Il prezzo del mais, in particolare, dalla scorsa primavera registra un forte calo: mentre la diminuzione delle produzioni riguarderà la Pianura Padana e parte della Francia, nel resto d’Europa si prevede un aumento del 16% soprattutto in Europa orientale, e anche la produzione americana raggiungerà livelli record. Tutto questo concorre alla diminuzione del prezzo rispetto all’anno scorso.
Le tossine si battono con l’acqua – Una corretta gestione idrica, ma anche la scelta della giusta varietà, consentono di limitare lo stress alle piante, che le rende più vulnerabili a funghi e parassiti
La aflatossine nel latte si combattono con l’acqua nei campi. Contro il fenomeno, che rimane sempre in agguato dietro all’angolo, della contaminazioni di muffe e funghi nocivi nella filiera zootecnica è fondamentale recuperare corrette abitudini agronomiche direttamente nelle coltivazioni di mais. A sottolinearlo sono i tecnici del Consorzio Agrario Fvg.
“In una situazione di stress climatico e idrico la pianta del granoturco è più vulnerabile a qualsiasi problema – sottolinea Giorgio Livon, responsabile Settore Mangimi – questo significa che per avere, alla fine, una granella sana e fondamentale una corretta disponibilità di acqua”.
Al di là delle annate eccezionali, come quella appena conclusa e che purtroppo non sono più così rare, una efficace gestione idrica deve essere svolta sempre. Non mancano, infatti, atteggiamenti sbagliati o, per lo meno, imprecisi che poi si ripercuotono sull’intera filiera cerealicola e, ulteriormente a valle, lattierocasearia. È il caso, per esempio, della sospensione dell’irrigazione, per motivi di contenimento dei costi di produzione, una volta portata a maturazione la pannocchia e prima del suo raccolto, che spesso avviene a settimane di distanza: in questa finestra temporale, infatti, la pianta potrebbe entrare in stress e indebolirsi, per essere preda più facile di malattie e parassiti. Altro abitudine sbagliata, con le medesime conseguenze, è quella raccogliere il granoturco nel momento in cui il prezzo della granella si ritiene più favorevole; anche in questo caso, però, il lasso di tempo potrebbe giocare a sfavore della salubrità del prodotto.
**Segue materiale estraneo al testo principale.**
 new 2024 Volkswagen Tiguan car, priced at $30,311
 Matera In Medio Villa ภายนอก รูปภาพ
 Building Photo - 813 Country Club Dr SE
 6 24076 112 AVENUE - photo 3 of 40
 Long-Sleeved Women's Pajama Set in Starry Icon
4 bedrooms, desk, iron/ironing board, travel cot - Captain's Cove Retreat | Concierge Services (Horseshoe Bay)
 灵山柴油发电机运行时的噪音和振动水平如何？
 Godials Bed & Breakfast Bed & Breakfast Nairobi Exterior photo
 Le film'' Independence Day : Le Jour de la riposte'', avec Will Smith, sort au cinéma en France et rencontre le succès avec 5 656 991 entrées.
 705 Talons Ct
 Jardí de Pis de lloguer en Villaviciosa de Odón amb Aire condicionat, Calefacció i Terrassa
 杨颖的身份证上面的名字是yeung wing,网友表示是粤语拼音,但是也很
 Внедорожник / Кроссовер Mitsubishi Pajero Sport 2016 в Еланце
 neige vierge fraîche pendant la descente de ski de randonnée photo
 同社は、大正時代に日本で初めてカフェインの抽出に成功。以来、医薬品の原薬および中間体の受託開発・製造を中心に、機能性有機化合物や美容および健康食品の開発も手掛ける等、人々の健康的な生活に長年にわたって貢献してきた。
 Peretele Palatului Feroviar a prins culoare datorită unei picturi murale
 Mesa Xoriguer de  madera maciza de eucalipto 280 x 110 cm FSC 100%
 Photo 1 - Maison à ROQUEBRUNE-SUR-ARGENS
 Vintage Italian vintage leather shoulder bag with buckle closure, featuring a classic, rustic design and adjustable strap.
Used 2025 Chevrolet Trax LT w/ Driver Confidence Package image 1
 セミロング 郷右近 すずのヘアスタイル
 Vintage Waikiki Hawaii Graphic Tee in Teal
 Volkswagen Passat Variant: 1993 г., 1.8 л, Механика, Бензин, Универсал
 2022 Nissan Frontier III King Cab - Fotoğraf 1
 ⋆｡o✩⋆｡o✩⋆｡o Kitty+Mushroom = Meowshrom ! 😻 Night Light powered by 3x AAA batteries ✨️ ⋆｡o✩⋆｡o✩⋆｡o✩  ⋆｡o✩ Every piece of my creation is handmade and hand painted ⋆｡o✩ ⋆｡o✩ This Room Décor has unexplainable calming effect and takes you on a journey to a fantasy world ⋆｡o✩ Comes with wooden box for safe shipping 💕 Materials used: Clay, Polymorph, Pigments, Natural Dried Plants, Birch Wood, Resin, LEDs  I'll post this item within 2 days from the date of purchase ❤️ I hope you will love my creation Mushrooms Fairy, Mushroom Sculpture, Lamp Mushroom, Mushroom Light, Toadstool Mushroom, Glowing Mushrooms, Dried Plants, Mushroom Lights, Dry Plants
Per prevenire il fenomeno delle aflatossine, quindi, è fondamentale una corretta gestione idrica, ma non solo.
“Vanno scelte le varietà di mais più adatte al nostro clima e al rischio di periodi siccitosi – aggiunge Livon – troppo spesso, infatti, si privilegiano non quelle più resistenti, ma quelle più produttive”.
Prezzi sulle montagne russe
La globalizzazione del mercato delle commodity agricole rende difficile
una corretta pianificazione
e la difesa della marginalità
Con un mercato del mais di orizzonte, oggi, mondiale, le oscillazioni di prezzo sono ampie e imprevedibili, rendendo difficile alla singola azienda produttive una efficace programmazione e una difesa della marginalità. È questo lo scenario attuale tratteggiato da Franco Saveri, tecnico del Consorzio Agrario Fvg.
“I prezzi sono oggi determinati dal mercato mondiale – commenta – le oscillazioni sono importanti e ogni singola azienda deve, poi, capire se coprono i suoi costi di produzione”.
Se il prezzo pagato per il quintale di granella è ora di 17 euro al quintale, in calo del 30% rispetto a un anno fa, nel 2009 era addirittura di 11 euro, mentre la media dell’ultimo trentennio si attesta a 14,50 euro al quintale.
Si semina su una bomba a orologeria
La presenza parassitaria della diabrotica è ormai endemica e può essere controllata solo con la rotazione
La presenza parassitaria della diabrotica è esemplificativa delle conseguenze negative di una monocoltura prolungata e intensiva. L‘insetto originario del Nord America, legato al ciclo del mais, è ormai una presenza endemica dei terreni agricoli della pianura friulana, e più in generale padana. I tecnici, infatti, parlano oggi di ‘gestione’ del problema, non della sua eliminazione. Da oltre dieci anni, cioè dai primi casi registrati nel 2002, l’agenzia regionale Ersa vigila sulla sua diffusione, suggerendo le tecniche agronomiche adeguate per il contenimento.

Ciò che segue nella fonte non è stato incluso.